The Fred Hutchinson Cancer Research Center

I had the opportunity yesterday evening to spend a couple of hours with my friend Lee Hartwell, President of “The Hutch” and 2001 Nobel Laureate in Medicine, and with three other scientists from the same institution, listening to desriptions of their work and having the chance to ask questions in a small-group setting. The other researchers were Rainer Storb, Beverly-Torok Storb, and Sunil Hingorani. Rainer is working on reducing the radio and chemo toxicity required in bone marrow transplants, Beverly is working on stem cells, and Sunil is working on early detection of pancreatic cancer.

Among the factoids I picked up:

The Hutch leads in receiving federal funds for cancer research.

Lee believes that the number of cancers known to be caused by viral or other contagious agents will continue to grow. Lee is heading a global drive toward increased early detection of cancers, since cure rates for these are often in the high ninety percentile. He is specifically working on trying to use protein markers in the blood to make early identification of specific cancers.

Beverly is completely sure that adult stem cells can only directly produce cells of related tissues, unlike embryonic stem cells, which can produce an entire animal.

She also concurred with the recent finding that, in some animals, adult skin stem cells can be reverted to ESC’s. The community is now working on making this happen for human cells. In response to a question, she confirmed that much leading edge research now goes on in countries where, unlike the US, research is allowed on human ESCs.

Contrary to early days, when “lethal doses” of radio and chemo were required as a first step in bone marrow transplants (in treating leukemia, lymphoma and related cancers), Rainer noted that today the radio and chemo are so moderate that the recipient can often maintain a normal life, treated as an outpatient.

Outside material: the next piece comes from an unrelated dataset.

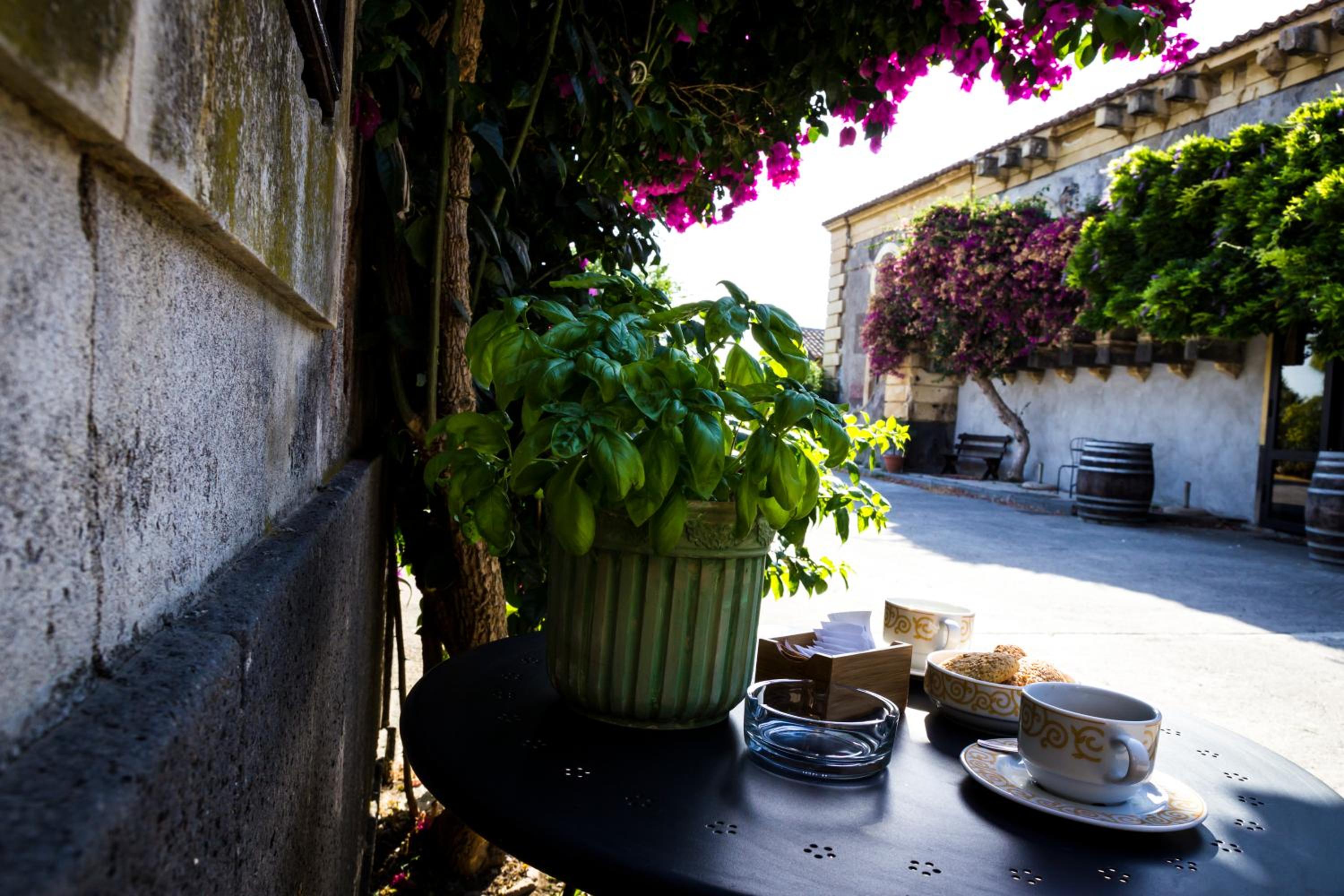 Suite - Photo 23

Sunil despaired of losing “all” of his pancreatic cancer patients (this disease is a quick and relentless killer) in his clinical practice, and decided to try to accomplish the Catch-22 of finding markers for early detection. This is tough, since one reason the disease is so deadly is that it is rarely caught early enough. It turns out that one form of diabetes can predate the cancer diagnosis by up to 10 years, but its prevalence in the larger population makes its use difficult. He’s searching for additional precursor signals.

All in all, it was a fascinating evening, both confirming my feelings that The Hutch is doing useful research, and that the research part of our medical establishment is in better shape, perhaps, than the basic US medical treatment model, which, in my opinion, is badly broken.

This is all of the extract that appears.